WORK ITEM. Each line from the opening of the records that follow to the line with "Cute Car Accessories" needs to be written out exactly. Add nothing.

RECORDS FOR THE EXERCISE.
*** Block opens ***

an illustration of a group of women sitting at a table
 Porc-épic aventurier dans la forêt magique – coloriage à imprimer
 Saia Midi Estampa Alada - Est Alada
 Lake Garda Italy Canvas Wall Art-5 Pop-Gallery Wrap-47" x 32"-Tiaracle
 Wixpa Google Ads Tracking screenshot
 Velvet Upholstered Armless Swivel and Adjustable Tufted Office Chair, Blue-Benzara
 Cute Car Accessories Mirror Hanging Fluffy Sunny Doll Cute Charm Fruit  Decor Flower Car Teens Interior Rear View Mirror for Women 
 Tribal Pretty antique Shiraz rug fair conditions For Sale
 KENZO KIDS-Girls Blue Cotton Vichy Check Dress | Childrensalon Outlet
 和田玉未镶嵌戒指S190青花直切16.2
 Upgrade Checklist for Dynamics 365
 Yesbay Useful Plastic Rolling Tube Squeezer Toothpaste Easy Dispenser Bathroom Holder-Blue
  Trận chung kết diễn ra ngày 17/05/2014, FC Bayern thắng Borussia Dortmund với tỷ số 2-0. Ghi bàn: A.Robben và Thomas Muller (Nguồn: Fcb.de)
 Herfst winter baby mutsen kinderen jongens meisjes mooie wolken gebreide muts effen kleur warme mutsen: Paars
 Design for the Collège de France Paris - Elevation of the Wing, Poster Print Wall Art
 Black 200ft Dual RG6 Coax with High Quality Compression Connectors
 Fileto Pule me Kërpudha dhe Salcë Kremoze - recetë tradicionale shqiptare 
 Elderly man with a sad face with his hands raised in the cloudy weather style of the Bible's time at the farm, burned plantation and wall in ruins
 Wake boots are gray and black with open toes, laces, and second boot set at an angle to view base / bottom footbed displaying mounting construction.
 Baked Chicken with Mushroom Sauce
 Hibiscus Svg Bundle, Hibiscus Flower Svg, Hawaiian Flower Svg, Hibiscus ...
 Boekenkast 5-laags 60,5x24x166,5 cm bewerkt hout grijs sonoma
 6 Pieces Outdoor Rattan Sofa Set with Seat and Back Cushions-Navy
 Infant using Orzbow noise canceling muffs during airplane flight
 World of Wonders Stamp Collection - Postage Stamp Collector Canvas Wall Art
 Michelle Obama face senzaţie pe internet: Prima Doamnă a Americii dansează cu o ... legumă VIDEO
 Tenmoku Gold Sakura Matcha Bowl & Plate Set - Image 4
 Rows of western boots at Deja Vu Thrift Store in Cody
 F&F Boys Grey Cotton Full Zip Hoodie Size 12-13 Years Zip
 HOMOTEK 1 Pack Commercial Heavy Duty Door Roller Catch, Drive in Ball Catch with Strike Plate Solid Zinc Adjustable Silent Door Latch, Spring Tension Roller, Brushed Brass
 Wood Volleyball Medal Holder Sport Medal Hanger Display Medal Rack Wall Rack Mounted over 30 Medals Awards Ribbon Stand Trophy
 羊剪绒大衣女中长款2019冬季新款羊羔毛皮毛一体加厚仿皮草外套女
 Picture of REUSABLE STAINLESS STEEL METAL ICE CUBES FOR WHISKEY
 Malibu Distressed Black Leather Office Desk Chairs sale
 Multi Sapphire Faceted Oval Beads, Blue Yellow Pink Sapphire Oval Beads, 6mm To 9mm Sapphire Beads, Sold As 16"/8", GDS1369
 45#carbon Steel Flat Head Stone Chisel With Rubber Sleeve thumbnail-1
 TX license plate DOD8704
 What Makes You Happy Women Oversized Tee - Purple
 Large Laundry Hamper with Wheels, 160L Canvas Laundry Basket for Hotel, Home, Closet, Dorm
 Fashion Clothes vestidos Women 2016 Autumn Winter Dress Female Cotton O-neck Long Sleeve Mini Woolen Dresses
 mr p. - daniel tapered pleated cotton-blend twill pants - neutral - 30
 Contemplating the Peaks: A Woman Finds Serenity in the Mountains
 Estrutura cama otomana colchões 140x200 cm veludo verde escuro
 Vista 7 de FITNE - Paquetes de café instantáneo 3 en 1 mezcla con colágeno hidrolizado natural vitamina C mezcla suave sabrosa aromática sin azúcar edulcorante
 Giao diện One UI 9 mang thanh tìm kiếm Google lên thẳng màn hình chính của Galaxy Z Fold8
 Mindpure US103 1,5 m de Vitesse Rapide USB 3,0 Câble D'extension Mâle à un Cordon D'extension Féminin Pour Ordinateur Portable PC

*** Block closes ***

SOLUTION FOR THIS TASK.
an illustration of a group of women sitting at a table
 Porc-épic aventurier dans la forêt magique – coloriage à imprimer
 Saia Midi Estampa Alada - Est Alada
 Lake Garda Italy Canvas Wall Art-5 Pop-Gallery Wrap-47" x 32"-Tiaracle
 Wixpa Google Ads Tracking screenshot
 Velvet Upholstered Armless Swivel and Adjustable Tufted Office Chair, Blue-Benzara
 Cute Car Accessories Mirror Hanging Fluffy Sunny Doll Cute Charm Fruit  Decor Flower Car Teens Interior Rear View Mirror for Women 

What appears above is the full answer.